[Work order]:
Print each entry as it appears. Images stay out of the copy.

[Dataset records]:
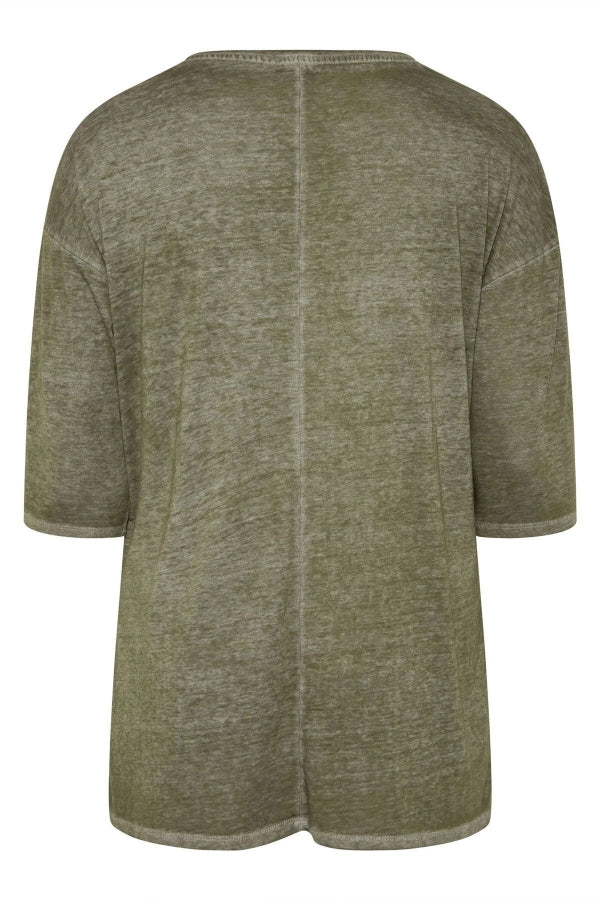 Büyük Beden Yarım Kollu Bisiklet Yaka Taş İşlemeli T-Shirt 173260 Vervegrand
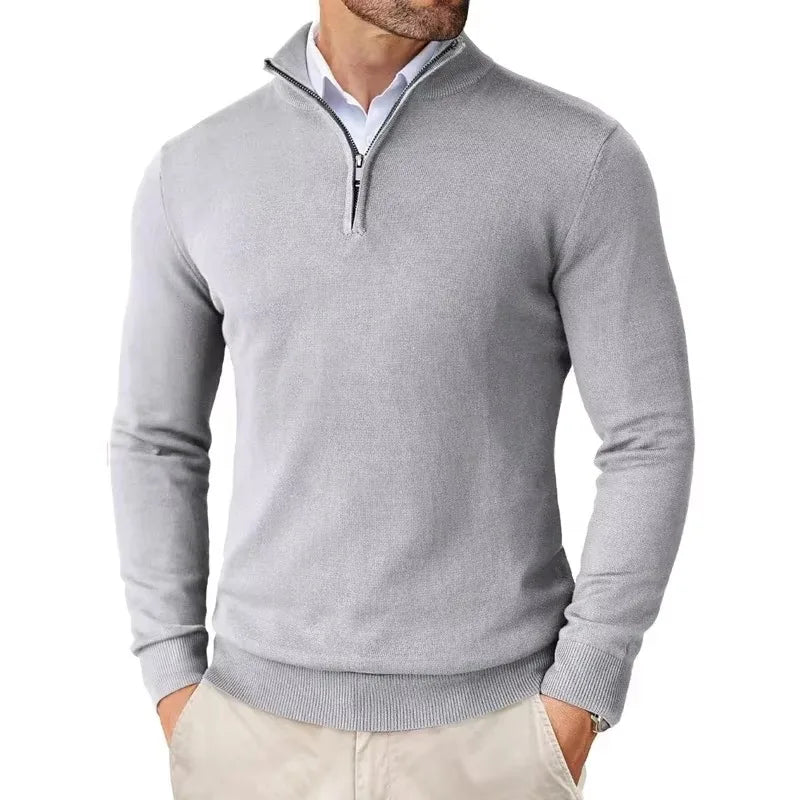 Lily | Stylish Quarter Zip Pullover Sweater For Men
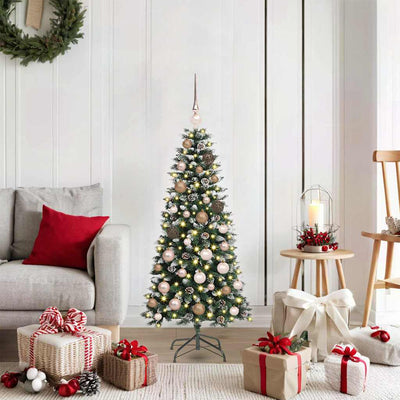Vidaxl kunstkerstboom groen 120 cm pvc en plastic en staal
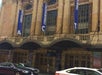Hotel entrance.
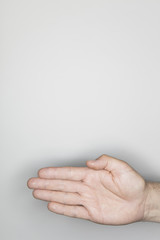 isolated hand gesture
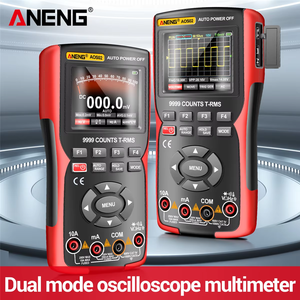 ANENG AOS03 Multímetro de osciloscopio digital profesional True RMS 48 MS/s Tasa de muestreo 10MHZ Ancho de banda analógico 220V Almacenamiento de datos - Product Image 5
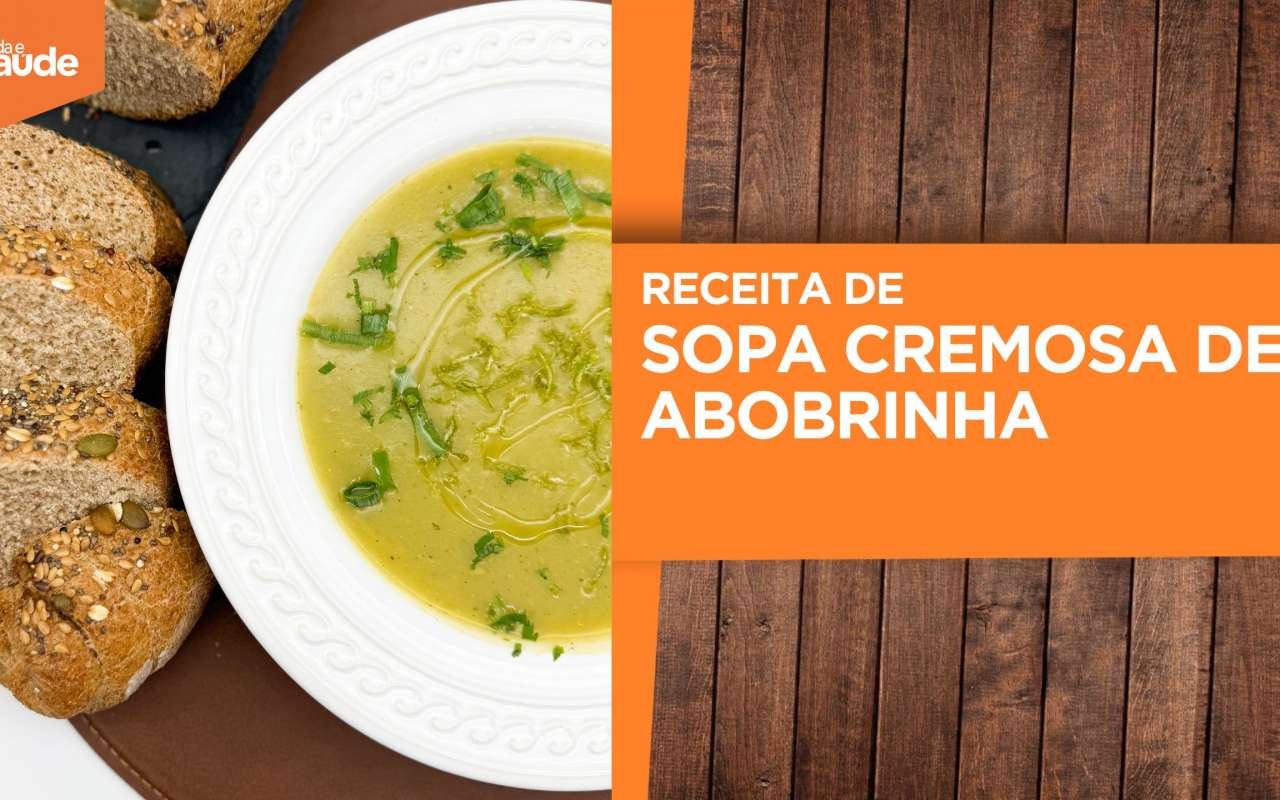 Receita: Sopa cremosa de abobrinha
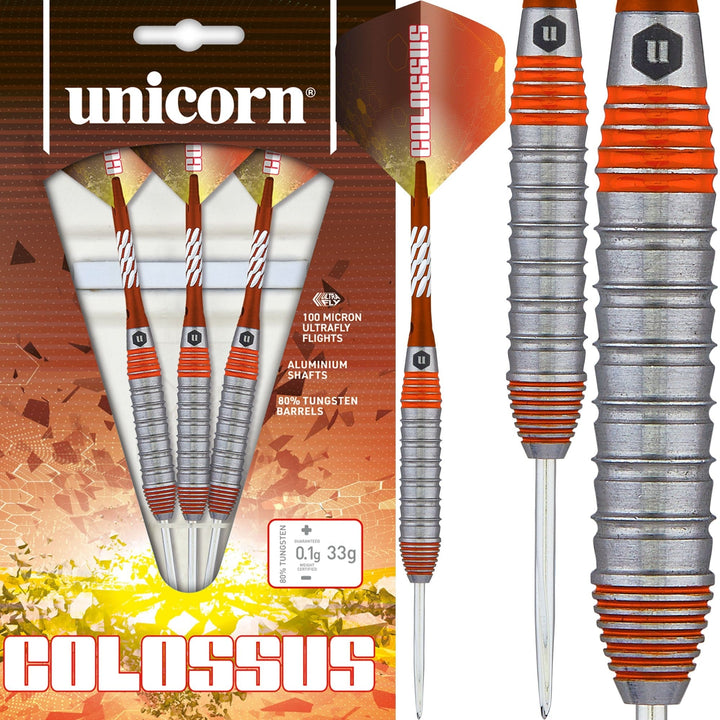 *Unicorn Colossus Darts - Steel Tip - Heavyweight - Ringed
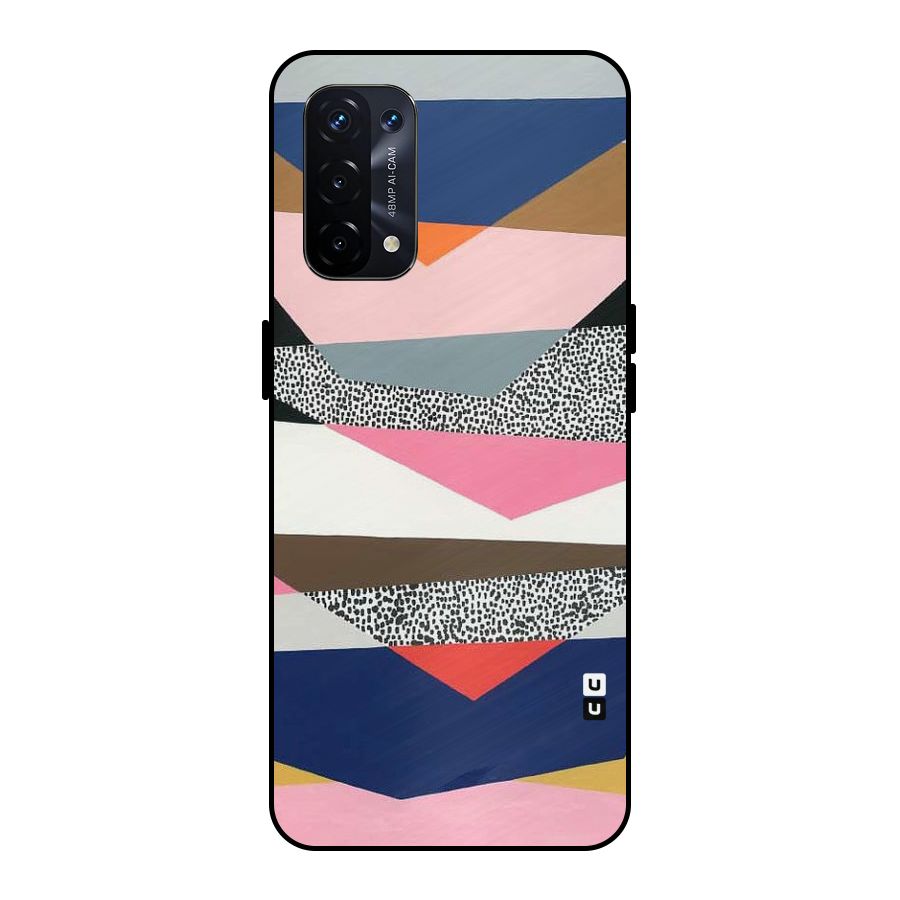 Lethal Abstract Metal Back Case for Oppo A74 5G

[Written reply]:
 Büyük Beden Yarım Kollu Bisiklet Yaka Taş İşlemeli T-Shirt 173260 Vervegrand
 Lily | Stylish Quarter Zip Pullover Sweater For Men
Vidaxl kunstkerstboom groen 120 cm pvc en plastic en staal
Hotel entrance.
 isolated hand gesture
 ANENG AOS03 Multímetro de osciloscopio digital profesional True RMS 48 MS/s Tasa de muestreo 10MHZ Ancho de banda analógico 220V Almacenamiento de datos - Product Image 5
 Receita: Sopa cremosa de abobrinha
 *Unicorn Colossus Darts - Steel Tip - Heavyweight - Ringed
 Lethal Abstract Metal Back Case for Oppo A74 5G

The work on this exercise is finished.